The European Commission yesterday took the first step in reforming its contentious banana import regime, unveiling three options in a move aimed at ending punitive US sanctions worth $191 million a year.
The EU's efforts to overhaul its arrangements for importing bananas follow a ruling last month by the World Trade Organisation which said the bloc's regime breached global trading rules.
The Commission said it was ready to reform its banana policy quickly to bring it in line with the WTO ruling.
But it warned that finding a solution which was acceptable to the United States and major Latin American growers and also respected its obligations to poor Caribbean farmers would be difficult and time-consuming.
EU officials said the option most likely to be acceptable to all parties involved a two-tier tariff system which would levy different duties on bananas depending on their origin.

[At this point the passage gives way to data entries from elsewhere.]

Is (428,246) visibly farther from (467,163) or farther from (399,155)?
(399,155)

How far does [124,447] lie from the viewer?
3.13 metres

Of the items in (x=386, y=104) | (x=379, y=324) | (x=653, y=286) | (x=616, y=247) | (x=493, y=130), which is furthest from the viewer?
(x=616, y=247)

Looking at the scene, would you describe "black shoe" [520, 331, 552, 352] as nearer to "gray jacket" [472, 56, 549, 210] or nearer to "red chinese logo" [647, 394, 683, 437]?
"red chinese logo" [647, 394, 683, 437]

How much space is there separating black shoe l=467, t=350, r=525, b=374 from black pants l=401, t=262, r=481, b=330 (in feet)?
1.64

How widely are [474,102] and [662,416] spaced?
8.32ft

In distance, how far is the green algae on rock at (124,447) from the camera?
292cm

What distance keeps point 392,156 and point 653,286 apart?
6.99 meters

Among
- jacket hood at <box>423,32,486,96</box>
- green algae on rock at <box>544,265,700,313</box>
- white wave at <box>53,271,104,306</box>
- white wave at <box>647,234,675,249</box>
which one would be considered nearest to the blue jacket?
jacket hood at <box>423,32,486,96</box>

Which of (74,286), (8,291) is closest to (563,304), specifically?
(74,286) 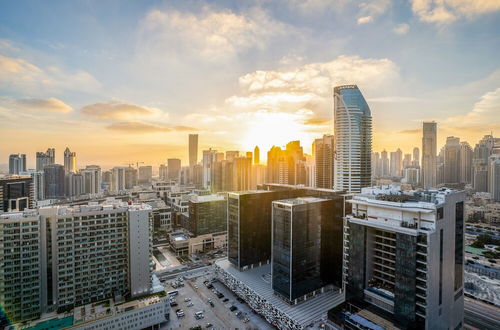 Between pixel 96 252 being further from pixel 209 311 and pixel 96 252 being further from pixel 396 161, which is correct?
pixel 396 161

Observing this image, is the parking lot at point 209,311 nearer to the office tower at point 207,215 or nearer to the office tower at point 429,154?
the office tower at point 207,215

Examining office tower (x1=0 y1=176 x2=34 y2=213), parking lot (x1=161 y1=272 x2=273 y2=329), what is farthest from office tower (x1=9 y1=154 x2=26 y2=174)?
parking lot (x1=161 y1=272 x2=273 y2=329)

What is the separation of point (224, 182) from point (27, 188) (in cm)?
7620

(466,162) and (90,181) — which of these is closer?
(466,162)

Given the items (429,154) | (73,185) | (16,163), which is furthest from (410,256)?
(16,163)

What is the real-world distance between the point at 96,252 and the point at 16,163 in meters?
145

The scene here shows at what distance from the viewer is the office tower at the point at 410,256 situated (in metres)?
23.1

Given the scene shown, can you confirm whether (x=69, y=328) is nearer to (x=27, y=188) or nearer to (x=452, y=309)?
(x=452, y=309)

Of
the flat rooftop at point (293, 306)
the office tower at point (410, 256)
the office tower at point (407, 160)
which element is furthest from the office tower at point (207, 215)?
the office tower at point (407, 160)

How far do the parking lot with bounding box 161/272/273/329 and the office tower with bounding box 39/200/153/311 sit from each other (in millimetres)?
6621

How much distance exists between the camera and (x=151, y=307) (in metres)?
34.5

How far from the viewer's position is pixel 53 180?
414 ft

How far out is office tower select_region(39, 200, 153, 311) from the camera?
34.2m

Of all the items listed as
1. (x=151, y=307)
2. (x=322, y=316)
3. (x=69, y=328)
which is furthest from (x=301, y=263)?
(x=69, y=328) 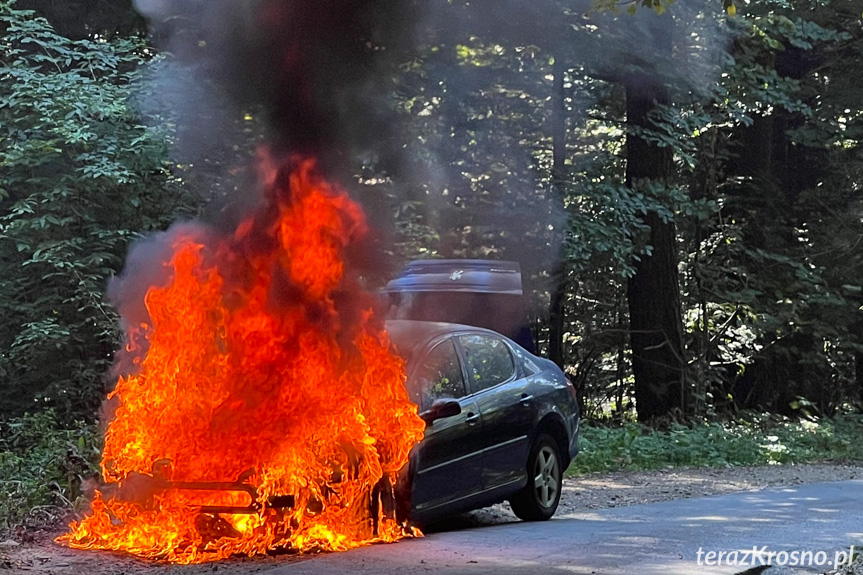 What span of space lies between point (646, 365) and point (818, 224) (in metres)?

Within a quota, which is as yet unspecified, bananas from ACP (African, Caribbean and Pacific) countries would be granted access at zero duty while Latin American fruit would attract a tariff of between 75 and 737 euros per tonne.
Latin American bananas would also continue to be imported under a 2.2 million tonne quota with a duty of 75 euros a tonne.
But officials acknowledged that even this option may not fully satisfy Washington and was unlikely to be accepted if the EU pitched the tariff for non-ACP bananas too high.
The second option involved abolishing quotas altogether and applying a high flat-rate tariff. The third alternative, likely to be favoured by ACP countries, maintained the Latin American quota but scrapped limits on ACP bananas.